A couple of days ago charges were announced related to real estate fraud. According to the press release by the FBI in Oregon,
Among the 39 defendants named today are two real estate agents, 11 mortgage brokers, one bank loan officer, and one certified public accountant (CPA).
There are some ongoing investigations and they are expecting more charges to occur.
I don’t know why, but I feel compelled to comment on this. I was having a hilarious and off tangent facebook conversation with some other real estate agents from across the country focused on the term “raising the bar.” It’s the current term agents cry out to express the need for greater standards in our industry. That battlecry has been going on for my entire career as a real estate agent here in Salem and honestly, the bar hasn’t been raised a whole lot here in Oregon. I mean Oregon just put into law that a real estate agent has to have a high school diploma or GED. That wasn’t in the books before. That’s like raising the bar a millimeter. Not sure that is what the battlecry is about.
Personally I, like these other fellow agents, am tired of the battlecry. See here’s the deal. The government can’t regulate behavior: they can only regulate systems. It is up to each of us that makes up the system to regulate our behavior. If we want to talk about real estate fraud then brokerage owners need to look at how they fail to train their agents. If we want to talk about improving the world of real estate it is up to the business owners, whether your own a brokerage or a mortgage business to have their own standards.
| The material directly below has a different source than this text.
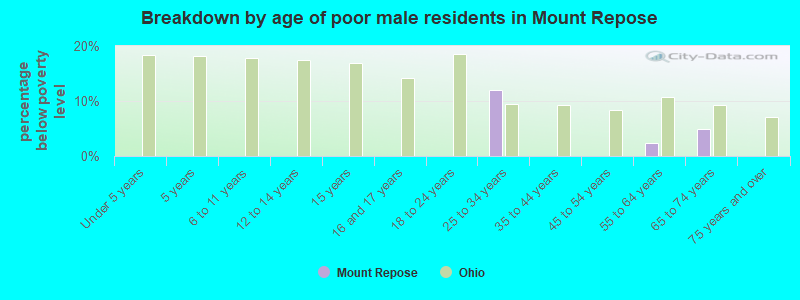 Breakdown by age of poor male residents in Mount Repose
Government has never been about raising the bar; it has always been about the lowest notch on the bar. It is the responsibility of the business owners to ensure that we are well above that lowest notch.
I am not the biggest brokerage in town. I don’t have “bragging rights” that I have 100 agents working at my firm. I also don’t have to worry about real estate fraud. I don’t have to worry that I have a mediocre agent in my midst. My agents have direct access to a real estate attorney for any help they need. Part of preventing fraud is making sure your agents can be successful so that they aren’t in a position of having to compromise their ethics. I’d rather be the smallest game in town, with the best agents, even if there are only a few of us.
Me…I’m not aiming for the lowest notch. Forget about raising the bar for the industry. Raise the bar for yourself or your brokerage. Consumers know the difference.